Stored dataset items
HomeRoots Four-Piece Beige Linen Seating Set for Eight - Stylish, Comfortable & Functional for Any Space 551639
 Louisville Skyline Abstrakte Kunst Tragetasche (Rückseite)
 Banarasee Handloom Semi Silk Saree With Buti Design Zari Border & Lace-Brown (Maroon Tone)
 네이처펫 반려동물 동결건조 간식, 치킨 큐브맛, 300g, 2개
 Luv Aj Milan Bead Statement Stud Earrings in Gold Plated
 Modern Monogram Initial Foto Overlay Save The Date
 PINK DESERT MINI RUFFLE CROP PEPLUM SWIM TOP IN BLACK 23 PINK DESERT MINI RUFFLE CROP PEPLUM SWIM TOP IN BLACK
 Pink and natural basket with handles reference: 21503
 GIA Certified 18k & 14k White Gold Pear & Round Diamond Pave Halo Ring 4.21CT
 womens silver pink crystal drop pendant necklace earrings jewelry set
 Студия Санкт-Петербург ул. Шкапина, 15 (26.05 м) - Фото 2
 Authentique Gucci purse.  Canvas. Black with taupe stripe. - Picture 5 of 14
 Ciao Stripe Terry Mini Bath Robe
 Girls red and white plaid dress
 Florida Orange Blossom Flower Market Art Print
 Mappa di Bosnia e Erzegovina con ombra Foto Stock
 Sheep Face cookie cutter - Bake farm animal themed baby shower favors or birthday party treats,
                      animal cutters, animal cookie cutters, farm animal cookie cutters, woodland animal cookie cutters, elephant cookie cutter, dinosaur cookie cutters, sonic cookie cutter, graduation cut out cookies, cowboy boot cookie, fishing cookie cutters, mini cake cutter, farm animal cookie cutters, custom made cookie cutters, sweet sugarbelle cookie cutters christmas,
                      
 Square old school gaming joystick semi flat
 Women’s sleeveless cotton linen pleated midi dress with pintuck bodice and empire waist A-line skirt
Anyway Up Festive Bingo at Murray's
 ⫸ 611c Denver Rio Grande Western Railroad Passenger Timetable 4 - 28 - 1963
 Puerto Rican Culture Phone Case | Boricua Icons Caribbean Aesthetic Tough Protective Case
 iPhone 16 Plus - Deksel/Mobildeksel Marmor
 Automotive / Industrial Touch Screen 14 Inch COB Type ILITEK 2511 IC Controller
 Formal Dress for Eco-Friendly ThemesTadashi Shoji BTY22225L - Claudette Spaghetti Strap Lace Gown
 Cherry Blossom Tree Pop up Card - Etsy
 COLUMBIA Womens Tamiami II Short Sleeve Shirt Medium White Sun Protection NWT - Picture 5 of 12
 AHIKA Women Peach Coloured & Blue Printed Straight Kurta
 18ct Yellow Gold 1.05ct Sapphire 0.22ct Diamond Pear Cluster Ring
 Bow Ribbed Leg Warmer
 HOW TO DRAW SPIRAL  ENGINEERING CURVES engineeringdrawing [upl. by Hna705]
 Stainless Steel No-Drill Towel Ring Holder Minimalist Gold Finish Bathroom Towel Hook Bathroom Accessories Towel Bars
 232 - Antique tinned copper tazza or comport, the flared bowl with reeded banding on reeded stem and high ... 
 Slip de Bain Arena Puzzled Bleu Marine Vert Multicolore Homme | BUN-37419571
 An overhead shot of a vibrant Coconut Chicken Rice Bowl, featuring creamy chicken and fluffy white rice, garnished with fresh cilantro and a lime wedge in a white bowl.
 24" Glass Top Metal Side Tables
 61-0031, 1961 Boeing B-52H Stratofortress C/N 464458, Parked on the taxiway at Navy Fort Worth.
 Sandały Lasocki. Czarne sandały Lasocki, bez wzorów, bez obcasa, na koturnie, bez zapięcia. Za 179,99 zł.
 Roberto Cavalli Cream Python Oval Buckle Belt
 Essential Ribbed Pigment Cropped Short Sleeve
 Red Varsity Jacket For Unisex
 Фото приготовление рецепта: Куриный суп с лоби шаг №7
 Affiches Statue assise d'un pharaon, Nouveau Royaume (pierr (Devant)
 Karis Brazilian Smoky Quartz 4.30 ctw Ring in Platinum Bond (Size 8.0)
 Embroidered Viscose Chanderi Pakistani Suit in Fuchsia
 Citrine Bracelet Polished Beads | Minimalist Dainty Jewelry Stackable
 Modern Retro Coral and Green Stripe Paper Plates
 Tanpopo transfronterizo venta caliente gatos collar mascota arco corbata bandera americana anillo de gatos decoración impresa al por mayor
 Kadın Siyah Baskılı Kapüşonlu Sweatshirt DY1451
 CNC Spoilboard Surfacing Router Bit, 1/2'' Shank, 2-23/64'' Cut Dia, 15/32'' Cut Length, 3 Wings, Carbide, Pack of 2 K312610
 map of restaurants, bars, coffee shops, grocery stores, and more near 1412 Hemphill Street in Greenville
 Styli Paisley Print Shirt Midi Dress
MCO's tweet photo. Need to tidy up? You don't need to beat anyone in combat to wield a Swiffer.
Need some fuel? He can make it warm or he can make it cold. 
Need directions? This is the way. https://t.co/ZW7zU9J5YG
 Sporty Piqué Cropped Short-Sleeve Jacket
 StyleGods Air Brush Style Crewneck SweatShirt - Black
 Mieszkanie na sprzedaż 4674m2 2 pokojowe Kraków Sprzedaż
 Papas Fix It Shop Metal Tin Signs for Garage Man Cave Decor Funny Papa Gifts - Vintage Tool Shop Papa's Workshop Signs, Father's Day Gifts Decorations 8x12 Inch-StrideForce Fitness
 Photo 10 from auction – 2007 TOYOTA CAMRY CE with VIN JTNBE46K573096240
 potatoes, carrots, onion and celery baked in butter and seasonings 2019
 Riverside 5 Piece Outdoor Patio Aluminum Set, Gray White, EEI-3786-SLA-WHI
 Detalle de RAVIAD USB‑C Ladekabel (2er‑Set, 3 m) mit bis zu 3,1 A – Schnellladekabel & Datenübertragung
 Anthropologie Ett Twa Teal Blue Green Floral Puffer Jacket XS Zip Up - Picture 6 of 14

> THE PROBLEM
Reproduce each entry above exactly, keeping every word.

> YOUR RESPONSE
HomeRoots Four-Piece Beige Linen Seating Set for Eight - Stylish, Comfortable & Functional for Any Space 551639
 Louisville Skyline Abstrakte Kunst Tragetasche (Rückseite)
 Banarasee Handloom Semi Silk Saree With Buti Design Zari Border & Lace-Brown (Maroon Tone)
 네이처펫 반려동물 동결건조 간식, 치킨 큐브맛, 300g, 2개
 Luv Aj Milan Bead Statement Stud Earrings in Gold Plated
 Modern Monogram Initial Foto Overlay Save The Date
 PINK DESERT MINI RUFFLE CROP PEPLUM SWIM TOP IN BLACK 23 PINK DESERT MINI RUFFLE CROP PEPLUM SWIM TOP IN BLACK
 Pink and natural basket with handles reference: 21503
 GIA Certified 18k & 14k White Gold Pear & Round Diamond Pave Halo Ring 4.21CT
 womens silver pink crystal drop pendant necklace earrings jewelry set
 Студия Санкт-Петербург ул. Шкапина, 15 (26.05 м) - Фото 2
 Authentique Gucci purse.  Canvas. Black with taupe stripe. - Picture 5 of 14
 Ciao Stripe Terry Mini Bath Robe
 Girls red and white plaid dress
 Florida Orange Blossom Flower Market Art Print
 Mappa di Bosnia e Erzegovina con ombra Foto Stock
 Sheep Face cookie cutter - Bake farm animal themed baby shower favors or birthday party treats,
                      animal cutters, animal cookie cutters, farm animal cookie cutters, woodland animal cookie cutters, elephant cookie cutter, dinosaur cookie cutters, sonic cookie cutter, graduation cut out cookies, cowboy boot cookie, fishing cookie cutters, mini cake cutter, farm animal cookie cutters, custom made cookie cutters, sweet sugarbelle cookie cutters christmas,
                      
 Square old school gaming joystick semi flat
 Women’s sleeveless cotton linen pleated midi dress with pintuck bodice and empire waist A-line skirt
Anyway Up Festive Bingo at Murray's
 ⫸ 611c Denver Rio Grande Western Railroad Passenger Timetable 4 - 28 - 1963
 Puerto Rican Culture Phone Case | Boricua Icons Caribbean Aesthetic Tough Protective Case
 iPhone 16 Plus - Deksel/Mobildeksel Marmor
 Automotive / Industrial Touch Screen 14 Inch COB Type ILITEK 2511 IC Controller
 Formal Dress for Eco-Friendly ThemesTadashi Shoji BTY22225L - Claudette Spaghetti Strap Lace Gown
 Cherry Blossom Tree Pop up Card - Etsy
 COLUMBIA Womens Tamiami II Short Sleeve Shirt Medium White Sun Protection NWT - Picture 5 of 12
 AHIKA Women Peach Coloured & Blue Printed Straight Kurta
 18ct Yellow Gold 1.05ct Sapphire 0.22ct Diamond Pear Cluster Ring
 Bow Ribbed Leg Warmer
 HOW TO DRAW SPIRAL  ENGINEERING CURVES engineeringdrawing [upl. by Hna705]
 Stainless Steel No-Drill Towel Ring Holder Minimalist Gold Finish Bathroom Towel Hook Bathroom Accessories Towel Bars
 232 - Antique tinned copper tazza or comport, the flared bowl with reeded banding on reeded stem and high ... 
 Slip de Bain Arena Puzzled Bleu Marine Vert Multicolore Homme | BUN-37419571
 An overhead shot of a vibrant Coconut Chicken Rice Bowl, featuring creamy chicken and fluffy white rice, garnished with fresh cilantro and a lime wedge in a white bowl.
 24" Glass Top Metal Side Tables
 61-0031, 1961 Boeing B-52H Stratofortress C/N 464458, Parked on the taxiway at Navy Fort Worth.
 Sandały Lasocki. Czarne sandały Lasocki, bez wzorów, bez obcasa, na koturnie, bez zapięcia. Za 179,99 zł.
 Roberto Cavalli Cream Python Oval Buckle Belt
 Essential Ribbed Pigment Cropped Short Sleeve
 Red Varsity Jacket For Unisex
 Фото приготовление рецепта: Куриный суп с лоби шаг №7
 Affiches Statue assise d'un pharaon, Nouveau Royaume (pierr (Devant)
 Karis Brazilian Smoky Quartz 4.30 ctw Ring in Platinum Bond (Size 8.0)
 Embroidered Viscose Chanderi Pakistani Suit in Fuchsia
 Citrine Bracelet Polished Beads | Minimalist Dainty Jewelry Stackable
 Modern Retro Coral and Green Stripe Paper Plates
 Tanpopo transfronterizo venta caliente gatos collar mascota arco corbata bandera americana anillo de gatos decoración impresa al por mayor
 Kadın Siyah Baskılı Kapüşonlu Sweatshirt DY1451
 CNC Spoilboard Surfacing Router Bit, 1/2'' Shank, 2-23/64'' Cut Dia, 15/32'' Cut Length, 3 Wings, Carbide, Pack of 2 K312610
 map of restaurants, bars, coffee shops, grocery stores, and more near 1412 Hemphill Street in Greenville
 Styli Paisley Print Shirt Midi Dress
MCO's tweet photo. Need to tidy up? You don't need to beat anyone in combat to wield a Swiffer.
Need some fuel? He can make it warm or he can make it cold. 
Need directions? This is the way. https://t.co/ZW7zU9J5YG
 Sporty Piqué Cropped Short-Sleeve Jacket
 StyleGods Air Brush Style Crewneck SweatShirt - Black
 Mieszkanie na sprzedaż 4674m2 2 pokojowe Kraków Sprzedaż
 Papas Fix It Shop Metal Tin Signs for Garage Man Cave Decor Funny Papa Gifts - Vintage Tool Shop Papa's Workshop Signs, Father's Day Gifts Decorations 8x12 Inch-StrideForce Fitness
 Photo 10 from auction – 2007 TOYOTA CAMRY CE with VIN JTNBE46K573096240
 potatoes, carrots, onion and celery baked in butter and seasonings 2019
 Riverside 5 Piece Outdoor Patio Aluminum Set, Gray White, EEI-3786-SLA-WHI
 Detalle de RAVIAD USB‑C Ladekabel (2er‑Set, 3 m) mit bis zu 3,1 A – Schnellladekabel & Datenübertragung
 Anthropologie Ett Twa Teal Blue Green Floral Puffer Jacket XS Zip Up - Picture 6 of 14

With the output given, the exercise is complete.